Monday, 23 January 2012: 4:30 PM
Space Weather, Terrestrial Weather, Network Effects, and the Imperative for Improved Modeling of Electricity Transmission Flows
Room 252/253 (New Orleans Convention Center )
Avoidance of the high societal costs of electricity blackouts requires that the amount of power generation in a balancing authority area match exactly, on a near-instantaneous basis, the system load, net of losses and interchange with other balancing authority areas. In a truly smart grid, the actual flow of electricity along a given transmission line would equal the expected flow. But electricity flows on an alternating current transmission network follow the paths of least resistance and thus there can be large differences between scheduled and actual electricity transmission flows between any two electricity control areas. One example of this are the flows between PJM, the regional transmission organization that coordinates the movement of wholesale electricity in all or parts of 13 states and the District of Columbia, and the New York Independent System Operator (NYISO). Over the period 1 June 2007 through 31 December 2008 the root-mean-squared-errors of the actual electricity flows between PJM and NYISO were approximately 78 percent of the scheduled flows. Indicative of the challenge faced by system operators, the inadvertent flows on this interchange are so large that PJM can sometimes inadvertently export electricity to New York even when it is a scheduled net importer. This is not an isolated case. At PJM's interface with the Michigan Electric Coordinated System, the root-mean-squared-errors of the actual electricity flows are almost 500 percent. To put this number in perspective, the correlation between actual flows and scheduled flows at this interface over the period 1 June 2007 through 31 December 2008 was about -0.02. Ideally, the correlation should equal 1.00. This is truly a very challenging state of affairs. It is no wonder that various PJM State of the Market Reports have called for improved analysis of electricity flows across the Eastern Interconnection.

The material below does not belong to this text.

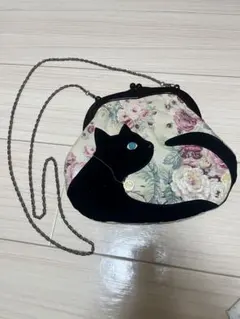 値下げしました！黒猫と花柄のポシェット　猫グッズ　猫　黒猫　がま口　cat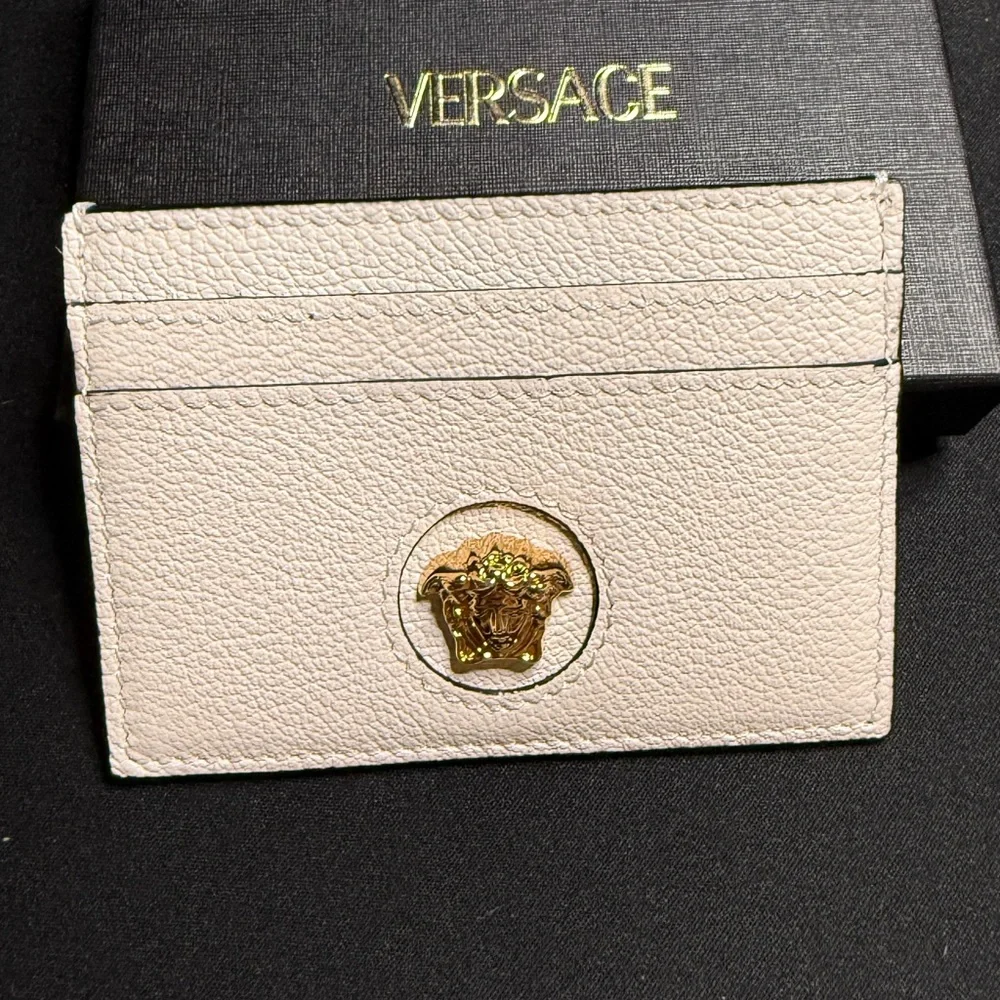 Versace Cream white Card Holder - Picture 1 of 4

In this paper, we present evidence that electricity flows between control areas can be forecasted using multivariate econometric methods. The modeling framework makes use of temperature data, proxies for the day-ahead expected level of transmission conductivity, measures of “network effects,” and a measure of geomagnetically induced currents (GICs). The latter variable is included based on evidence that GICs can affect the paths of least resistance. The results of the analysis indicate the level of operational uncertainty faced by transmission system operators can be significantly reduced via forecasting.